This is a gentle introduction and tutorial into Protein language models (PLMs). PLMs are large language models pre-trained on vast amounts of protein sequences, usually in a unsupervised fashion where no labels are given to the sequences. The model is tasked to discover and learn the semantics of the protein sequences, effectively understanding the language of proteins (i.e. amino acids).

This tutorial will be covering the ESM2 PLM 650 million parameter model developed by Facebook AI Research.
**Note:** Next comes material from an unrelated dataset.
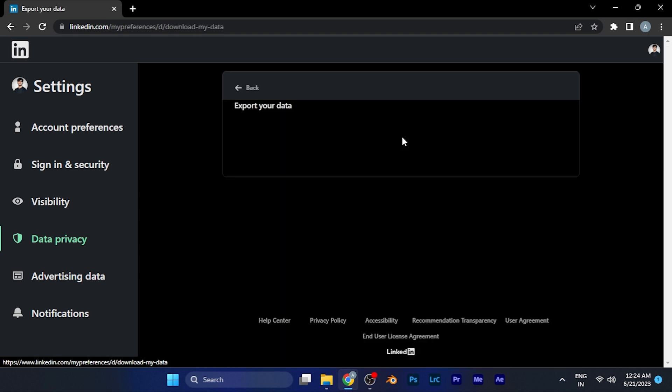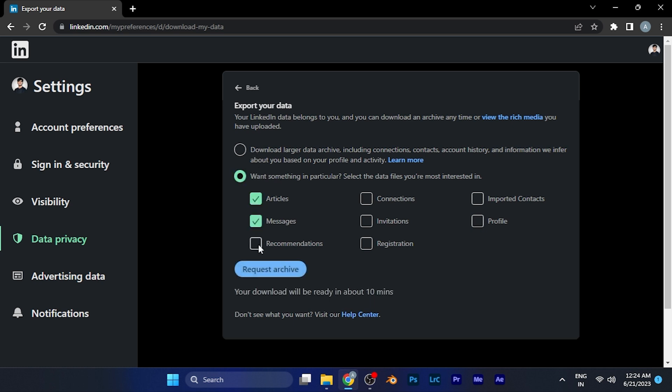When you click on this option, two options will be available right in front of you. Either you can download all the data of activity that you have done on LinkedIn, or if you want some particular data, just simply select this option and select the things that you want to download.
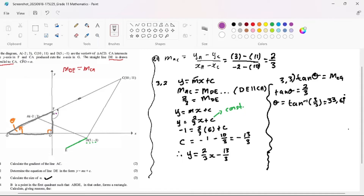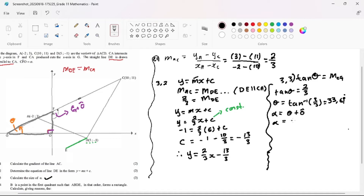We are having a triangle, and we know that our angle here is 90 degrees. What do we know about the exterior angle of a triangle? The exterior angle of a triangle is equal to the sum of the opposite interior angles. So alpha equals theta plus the angle at O. Our theta is 33.69 plus 90, so our answer is 123.69 degrees.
This tutorial shows how to extract the embeddings, a feature rich vector that describes the protein. There are lots of other PLMs available such as ProtBert. I will be embedding the same Gyrase A (Accession: P9WG47) in previous posts as an example.

Prerequisite

Installation

Usage

  1. import required packages

     import os
     os.environ['TF_CPP_MIN_LOG_LEVEL'] = '3' #this is optional
    
     import tensorflow as tf
     from transformers import AutoTokenizer, TFEsmModel
     import numpy as np
     from Bio import SeqIO
    

    Note: importing os and os.environ['TF_CPP_MIN_LOG_LEVEL'] = '3' is optional as it only silences the warning logs generated

  2. Define a function that replaces B, Z, J, U, and O amino acids from your sequence into the unknown amino acid X.

    This is because ESM (and to a wider extent, other PLMS) works with the 20 common amino acids, uncommon amino acids may cause problems.

     def formatseq(seq):
         seq = seq.replace("B", "X").replace("Z", "X").replace("J", "X").replace("U", "X").replace("O", "X")
         return seq
    
  3. Set your environmental variables and intialise instance of the ESM2 model and tokenizer

     modelDir = "PATH/TO/ESM2/INSTALLATION"
     tokenizer = AutoTokenizer.from_pretrained(modelDir)
     model = TFEsmModel.from_pretrained(modelDir)
     test_sequence = "./P9WG47.fa" #your sequence fasta file
    
  4. Initialise an empty list to hold all your sequence strings.

     seqs = []
    
  5. Open the fasta file using Bio.SeqIO and append the strings into the empty list.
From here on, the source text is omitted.